Grant Dell

With over 50 releases, you may know him as Uhuru Beats, Croydon Punks Ltd, Masonic Noodles, or the Chicago Transit Authority. Grant’s first release as Tribalation – EP1 on Loaded records got licensed to Strictly Rhythm; the rest is dance music history.

The son of a jazz musician, Grant’s teen years rebelled to the raw aesthetic of punk, but his tastes quickly warmed to the rolling basslines of dancehall and dub reggae. South London soundclashes cemented his love of gritty low-slung frequencies. And then acid house. Down Clink Street, deep underground to Heart and Soul and onto to countless warehouse parties, Grant took his innate appreciation of dancefloor dynamics behind the decks.

Grant’s shared love of the best of Chicago house and Detroit techno started morphing into a sound in the early days that could only be detected in the mix. He’s now widely regarded as a Tech-House pioneer, but his influences span a far broader spectrum – Early disco to post punk – Barrington Levy to Basic Channel with a splash of soul and that inimitable swing.

In 2001 Tribalation were voted DJ Magazine’s Best Newcomers. A succession of solo releases followed on key US labels; Tango, Plastic City, Detour, Nightshift, Big Chief, Stupendous, Headtunes, Worship, Leaf and Utensil Recordings and Visitor.
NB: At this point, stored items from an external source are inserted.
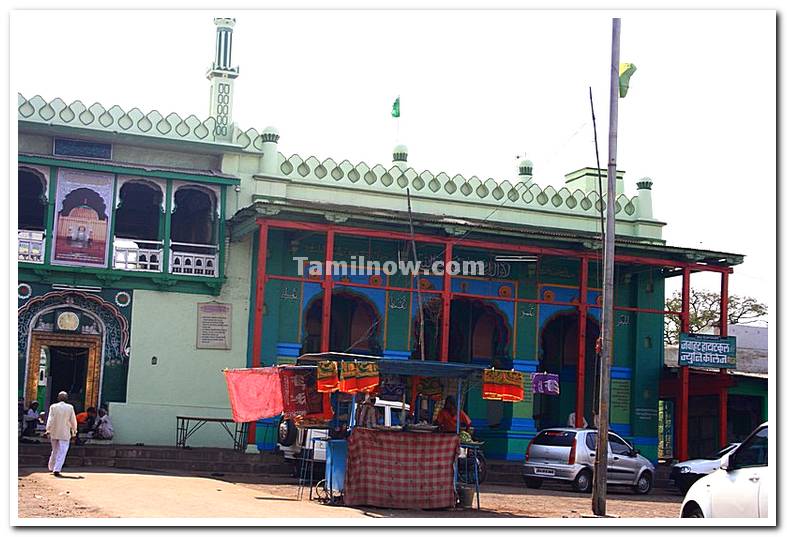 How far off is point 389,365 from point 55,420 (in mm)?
5349

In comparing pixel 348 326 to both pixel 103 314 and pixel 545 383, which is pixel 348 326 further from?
pixel 103 314

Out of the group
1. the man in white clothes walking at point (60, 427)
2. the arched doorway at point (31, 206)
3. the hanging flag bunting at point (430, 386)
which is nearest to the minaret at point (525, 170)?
the arched doorway at point (31, 206)

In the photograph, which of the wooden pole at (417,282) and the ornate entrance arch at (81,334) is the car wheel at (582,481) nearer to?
the wooden pole at (417,282)

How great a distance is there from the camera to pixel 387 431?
1553 centimetres

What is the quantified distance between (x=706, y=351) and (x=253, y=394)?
1233cm

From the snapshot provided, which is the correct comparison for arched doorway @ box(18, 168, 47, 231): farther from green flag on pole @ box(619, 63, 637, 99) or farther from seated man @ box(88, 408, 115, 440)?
green flag on pole @ box(619, 63, 637, 99)

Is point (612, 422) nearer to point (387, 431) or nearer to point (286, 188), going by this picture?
point (286, 188)

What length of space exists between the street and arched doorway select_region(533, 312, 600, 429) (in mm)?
7732

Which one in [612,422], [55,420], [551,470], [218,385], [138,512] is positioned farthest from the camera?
[612,422]

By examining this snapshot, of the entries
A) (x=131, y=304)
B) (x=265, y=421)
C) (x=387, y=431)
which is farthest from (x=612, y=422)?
(x=387, y=431)

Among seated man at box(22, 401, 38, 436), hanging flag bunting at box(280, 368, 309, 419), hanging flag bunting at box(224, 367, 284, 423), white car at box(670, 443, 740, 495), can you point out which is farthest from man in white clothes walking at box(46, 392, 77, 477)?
white car at box(670, 443, 740, 495)

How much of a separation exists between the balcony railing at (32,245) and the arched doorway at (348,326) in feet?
19.2

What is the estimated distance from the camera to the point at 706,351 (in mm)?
26812

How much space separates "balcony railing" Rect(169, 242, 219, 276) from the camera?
25.2 metres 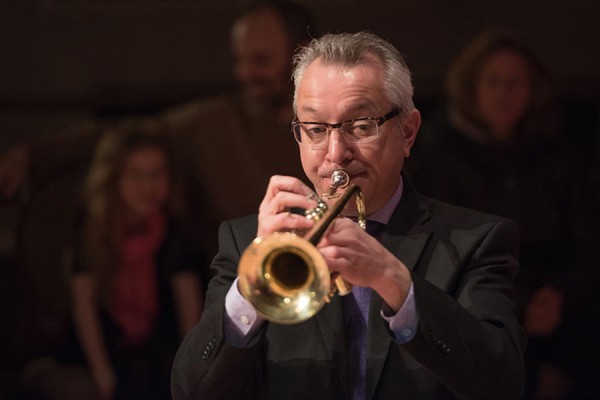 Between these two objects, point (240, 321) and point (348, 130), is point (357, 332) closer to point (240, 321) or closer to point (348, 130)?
point (240, 321)

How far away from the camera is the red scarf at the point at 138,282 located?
4402 mm

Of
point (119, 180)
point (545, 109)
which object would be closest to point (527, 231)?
point (545, 109)

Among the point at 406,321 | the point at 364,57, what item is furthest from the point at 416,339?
the point at 364,57

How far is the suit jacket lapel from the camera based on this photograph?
2.12m

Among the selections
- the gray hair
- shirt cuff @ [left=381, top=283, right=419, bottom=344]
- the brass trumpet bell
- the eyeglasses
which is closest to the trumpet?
the brass trumpet bell

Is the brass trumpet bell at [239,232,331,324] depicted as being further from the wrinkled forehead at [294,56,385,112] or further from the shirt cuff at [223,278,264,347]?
the wrinkled forehead at [294,56,385,112]

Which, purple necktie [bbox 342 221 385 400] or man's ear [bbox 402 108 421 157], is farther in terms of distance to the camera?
man's ear [bbox 402 108 421 157]

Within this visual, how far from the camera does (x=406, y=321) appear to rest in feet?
6.49

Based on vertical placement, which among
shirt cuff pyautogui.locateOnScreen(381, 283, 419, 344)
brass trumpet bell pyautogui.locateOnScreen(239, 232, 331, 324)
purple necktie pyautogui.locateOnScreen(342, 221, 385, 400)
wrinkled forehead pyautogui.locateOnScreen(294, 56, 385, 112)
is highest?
wrinkled forehead pyautogui.locateOnScreen(294, 56, 385, 112)

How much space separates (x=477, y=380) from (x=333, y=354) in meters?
0.32

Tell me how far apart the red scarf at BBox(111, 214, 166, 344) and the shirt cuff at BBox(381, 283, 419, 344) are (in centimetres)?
256

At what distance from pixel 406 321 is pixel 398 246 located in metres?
0.30

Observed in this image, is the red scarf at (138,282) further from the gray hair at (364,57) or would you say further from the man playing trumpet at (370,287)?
the gray hair at (364,57)

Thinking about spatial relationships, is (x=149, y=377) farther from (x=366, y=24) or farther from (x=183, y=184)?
(x=366, y=24)
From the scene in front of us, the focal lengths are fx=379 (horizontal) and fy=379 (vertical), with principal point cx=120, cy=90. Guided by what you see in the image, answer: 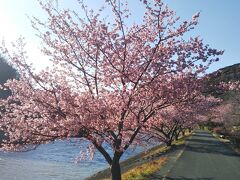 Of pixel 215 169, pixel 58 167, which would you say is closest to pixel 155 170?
pixel 215 169

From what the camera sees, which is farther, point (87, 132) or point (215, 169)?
point (215, 169)

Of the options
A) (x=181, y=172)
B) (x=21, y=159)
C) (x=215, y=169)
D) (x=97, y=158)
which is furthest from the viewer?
(x=97, y=158)

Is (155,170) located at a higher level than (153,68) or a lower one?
lower

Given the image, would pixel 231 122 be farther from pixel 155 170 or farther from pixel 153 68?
pixel 153 68

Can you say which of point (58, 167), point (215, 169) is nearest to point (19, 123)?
point (215, 169)

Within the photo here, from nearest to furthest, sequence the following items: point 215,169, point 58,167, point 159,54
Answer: point 159,54
point 215,169
point 58,167

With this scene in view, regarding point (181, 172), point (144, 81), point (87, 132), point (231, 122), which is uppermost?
point (231, 122)

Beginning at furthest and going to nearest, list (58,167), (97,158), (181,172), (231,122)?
(231,122) < (97,158) < (58,167) < (181,172)

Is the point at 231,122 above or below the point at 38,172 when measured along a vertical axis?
above

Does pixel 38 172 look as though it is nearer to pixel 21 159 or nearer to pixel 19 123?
pixel 21 159

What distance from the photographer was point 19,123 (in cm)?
1364

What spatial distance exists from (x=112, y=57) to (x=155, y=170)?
13144mm

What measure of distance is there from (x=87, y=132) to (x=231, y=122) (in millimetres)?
51579

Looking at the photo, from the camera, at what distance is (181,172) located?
953 inches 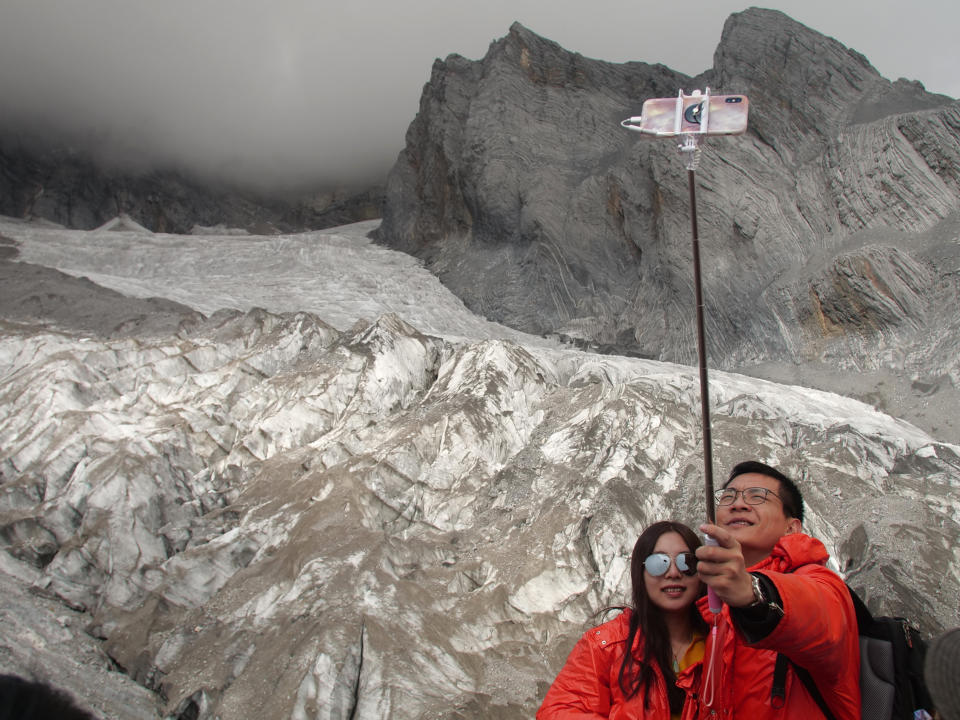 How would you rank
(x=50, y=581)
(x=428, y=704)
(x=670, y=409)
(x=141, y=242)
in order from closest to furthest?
(x=428, y=704) < (x=50, y=581) < (x=670, y=409) < (x=141, y=242)

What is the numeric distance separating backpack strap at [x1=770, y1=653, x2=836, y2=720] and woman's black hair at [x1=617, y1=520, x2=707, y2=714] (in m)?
0.56

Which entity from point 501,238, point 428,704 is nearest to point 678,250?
point 501,238

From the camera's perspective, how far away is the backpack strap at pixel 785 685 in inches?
108

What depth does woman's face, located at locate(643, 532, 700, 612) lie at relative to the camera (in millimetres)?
3363

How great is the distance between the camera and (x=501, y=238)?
30625 millimetres

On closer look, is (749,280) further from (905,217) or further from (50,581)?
(50,581)

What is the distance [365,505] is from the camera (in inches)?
509

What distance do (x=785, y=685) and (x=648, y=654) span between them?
667 millimetres

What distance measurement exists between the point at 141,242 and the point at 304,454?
78.6 ft

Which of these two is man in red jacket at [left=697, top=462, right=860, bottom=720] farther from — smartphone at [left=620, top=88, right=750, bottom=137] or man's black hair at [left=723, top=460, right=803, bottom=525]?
smartphone at [left=620, top=88, right=750, bottom=137]

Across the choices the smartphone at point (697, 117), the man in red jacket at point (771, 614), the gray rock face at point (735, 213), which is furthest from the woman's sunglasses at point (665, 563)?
the gray rock face at point (735, 213)

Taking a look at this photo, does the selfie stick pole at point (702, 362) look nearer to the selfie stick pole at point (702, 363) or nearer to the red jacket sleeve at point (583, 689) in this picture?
the selfie stick pole at point (702, 363)

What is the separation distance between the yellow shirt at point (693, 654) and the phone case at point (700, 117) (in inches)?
122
Grant was soon spending most of his time stateside collaborating with the likes of Tony Hewitt, Jay Tripwire, Tyler Stadius and Adam Collins.

With his tracks finding their way onto mix compilations by Fabric, Renaissance, Tyrant , Nu Breed Global Underground ,Turbo Recordings, La Terrazza and DC-10 in Ibiza, Grant was soon spinning his wares everywhere from Canada to Costa Rica and Brazil to Buenos Aires. In the UK, his remixes for Hooj Choons and releases on Bosh, Tag, Evasive and Rescue Recordings have extended and enhanced his reputation.

Grant Launched a new VINYL House label in 2016 called GIANT which continues to go forward with his sound and releasing some powerful music from the likes of - Brett Johnson – Silicone Soul – Jay Tripwire – Random Factor – Sascha Dive – and a host of up and coming producers.

Saturday, June 11, 2016

Hello Grant, how have you been? Thanks for being our Artist of the Weekend! We are delighted to have you!

I am good thanks - It’s My pleasure

It would be really interesting to our audience to learn a bit more about you: where do you come from, what was your childhood like, when was your first touch with music?

I originate from South London – I was born in Dulwich but my family were from Clapham, we moved to Croydon when I was 5 and I grew up there.
My childhood was tough – growing up on a very tough council estate – you had to grow up fast and learn the ways of the streets – My first touch with music was – Rock n Roll, my mum gave me a Bill Hayley and The Comets album – not sure why but I loved it, it was raw rock n roll – then it was Bowie and glam rock and then into punk.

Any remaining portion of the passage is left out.